Conflict Resolution: Ruby

For reasons explained in the Introduction to conflict resolution, we strongly recommend adopting a conflict resolution strategy that requires applications to resolve siblings according to use-case-specific criteria. Here, we’ll provide a brief guide to conflict resolution using the official Riak Ruby client.

How the Ruby Client Handles Conflict Resolution

In the official Ruby client, every Riak object has a siblings property that provides access to a list of that object’s sibling values. If there are no siblings, that property will return an array with only one item. Here’s an example of an object with siblings:

bucket = client.bucket('seahawks')
obj = bucket.get('coach')
obj.siblings

# The output:
[#<Riak::RContent [content/type]: "Jim Mora">, #<Riak::RContent [content/type]: "Pete Carroll">]

So what happens if the length of obj.siblings is greater than 1, as in the case above? In order to resolve siblings, you need to create a resolution function that takes a Riak object and reduces the siblings array down to a single value. An example is provided in the section below.

Basic Conflict Resolution Example

Let’s say that we’re building a social network application and storing lists of usernames representing each user’s “friends.” Each user will be of the class User, which we’ll create below. All of the data for our application will be stored in buckets that bear the bucket type siblings, and for this bucket type allow_mult is set to true, which means that Riak will generate siblings in certain cases—siblings that our application will need to be equipped to resolve when necessary.

The question that we need to ask ourselves at this point is the following: if a given user has conflicting lists, which list should be deemed more “correct?” What criteria should be applied? Should the lists be merged? Should we pick a list at random and deem that list correct? We’ll keep it simple here and say that the following criterion will hold: if multiple conflict lists exist, the longer list will be the one that our application deems correct. While this might not make sense in real-world applications, it’s a good jumping-off point.

Creating Our Data Class

We’ll start by creating a User class for each user’s data. Each User object will consist of a username and a friends property that lists the usernames, as strings, of the user’s friends. We will also create a to_json method, as we’ll be storing each User object as JSON:

class User
  def initialize(username, friends)
    @username = username
    @friends = friends
  end

  def to_json
    { :username => @username, :friends => @friends }
  end
end

Now, we can create User objects and see what they look like as JSON:

new_user = User.new('riakuser127', ['captheorem238', 'siblingsrule572'])

new_user.to_json
# {'username': 'riakuser127', 'friends': ['captheorem238', 'siblingsrule572']}

Implementing a Conflict Resolution Function

Let’s say that we’ve stored a bunch of User objects in Riak and that a few concurrent writes have led to siblings. How is our application going to deal with that? First, let’s say that there’s a User object stored in the bucket users (which is of the bucket type siblings, as explained above) under the key bashobunny. We can fetch the object that is stored there and see if it has siblings:

bucket = client.bucket('users')
obj = bucket.get('bashobunny', type: 'siblings')
p obj.siblings.length > 1

If we get true, then there are siblings. So what do we do in that case? At this point, we need to write a function that resolves the list of siblings, i.e. reduces the obj.siblings array down to one member. In our case, we need a function that takes a single Riak object (or RObject in the Ruby client) as its argument, applies some logic to the list of values contained in the siblings property of the object, and returns a single value. For our example use case here, we’ll return the sibling with the longest friends list:

def longest_friends_list_resolver(riak_object)
  # The "conflict?" method is built into the Ruby client
  if riak_object.conflict?
    # The "max_by" method enables us to select the sibling with the
    # longest "friends" list
    riak_object.siblings.max_by{ |user| user.data['friends'].length }
  else
    # If there are no siblings, we can simply return the object's
    # "content" as is
    riak_object.content
  end
end

We can then embed this function into a more general function for fetching objects from the users bucket:

def fetch_user_by_username(username)
  bucket = client.bucket('users')
  user_object = bucket.get(username)
  longest_friends_list_resolve(user_object)
  user_object
end

bashobunny = fetch_user_by_username('bashobunny')
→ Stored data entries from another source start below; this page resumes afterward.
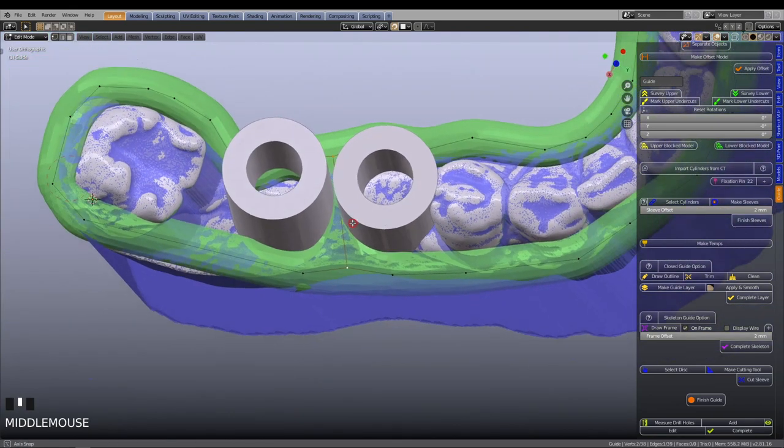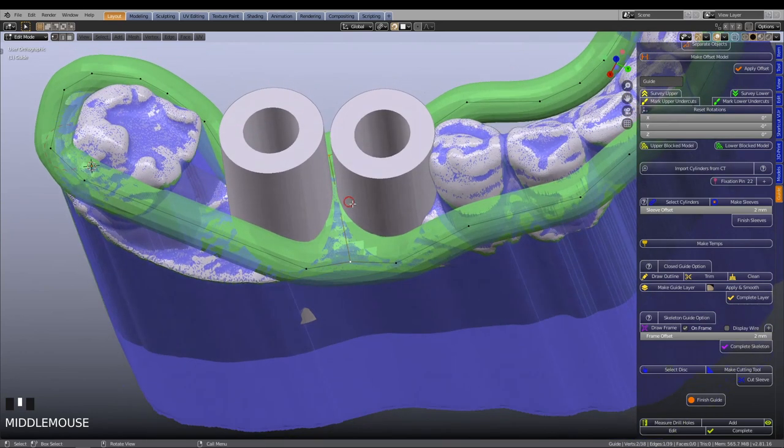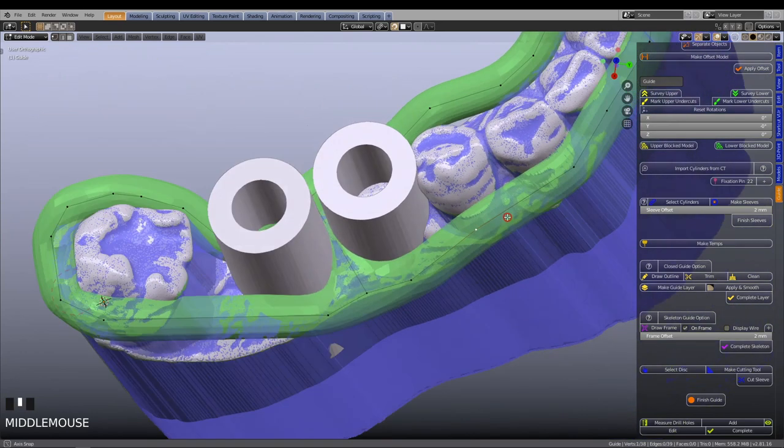Press F on the keyboard. This will create a new edge and join the two together.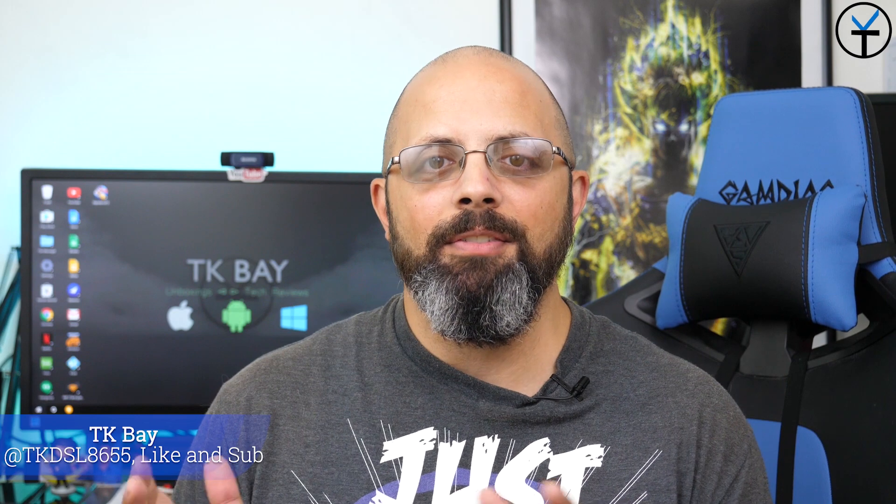Hey everybody, welcome back to the channel. Today's video is going to help you customize your device beyond what you normally can out of the box.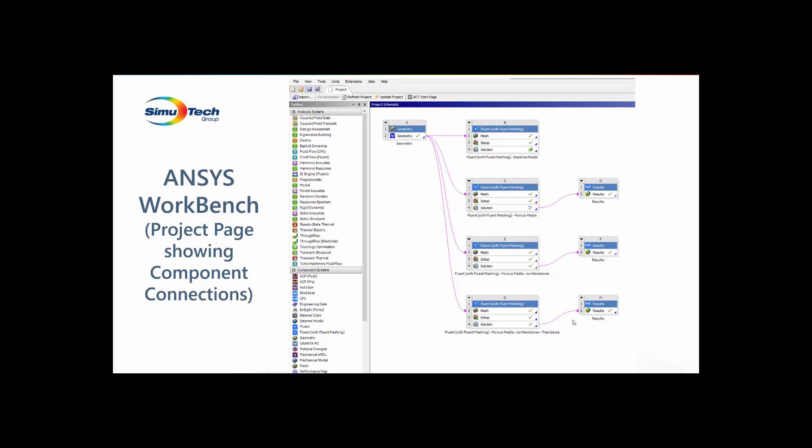I use this modular approach to evaluate several different fluid solutions. A baseline model, a model where I included porous media, the next model up where I had porous media and my non-Newtonian blood viscosity, and finally, the porous media, non-Newtonian, and now adding in residence time. Residence time is very helpful in identifying stagnant flow regions where blood could potentially clot.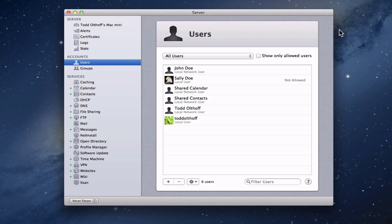Hi everybody, this is Todd Oltoff from ToddOltoff.com coming back at you with another screencast. This week we're going to talk about a question I've gotten a few times: how do I take a local user that I've already got on a computer and change that local user into a network user so that person can access all of the network services available on Mountain Lion Server?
Now, when a User object is fetched (assuming that the username acts as a key for the object), a single value is returned for the friends list. This means that our application can now use a “correct” value instead of having to deal with multiple values.

Conflict Resolution and Writes

In the above example, we created a conflict resolver that resolves a list of discrepant User objects and returns a single User. It’s important to note, however, that this resolver will only provide the application with a single “correct” value; it will not write that value back to Riak. That requires a separate step. When this step should be undertaken depends on your application. In general, though, we recommend writing objects to Riak only when the application is ready to commit them, i.e. when all of the changes that need to be made to the object have been made and the application is ready to persist the state of the object in Riak.

Correspondingly, we recommend that updates to objects in Riak follow these steps:

Read the object from Riak
Resolving sibling conflicts if they exist, allowing the application to reason about one “correct” value for the object (this step is the subject of this tutorial)
Modify the object
Write the object to Riak once the necessary changes have been made

You can find more on writing objects to Riak, including examples from the official Ruby client library, in the Developing with Riak KV: Usage section.

More Advanced Example

Resolving sibling User values on the basis of which user has the longest friends list has the benefit of being simple but it’s probably not a good resolution strategy for our social networking application because it means that unwanted data loss is inevitable. If one friend list contains A, B, and C and the other contains D and E, the list containing A, B, and C will be chosen. So what about friends D and E? Those usernames are essentially lost. In the sections below, we’ll implement an alternative strategy as an example.

Merging the Lists

To avoid losing data like this, a better strategy would be to merge the lists. We can modify our original resolver function to accomplish precisely that and will also store the resulting User object:

def longest_friends_list_resolver(riak_object)
  # An empty array for use later on
  friends_list = []
  if riak_object.conflict?
    # The "friends" arrays for all siblings will be merged into one
    # array
    riak_object.siblings.each do |sibling|
      friends_list.push(sibling.data['friends'])
    end

    # Then we make a new User object. First, we fetch the username from
    # any one of the siblings, then we pass in our new friends list,
    # calling the "uniq" method to eliminate duplicate usernames.
    username = riak_object.siblings[0].data['username']
    new_user = User.new(username, friends_list.uniq)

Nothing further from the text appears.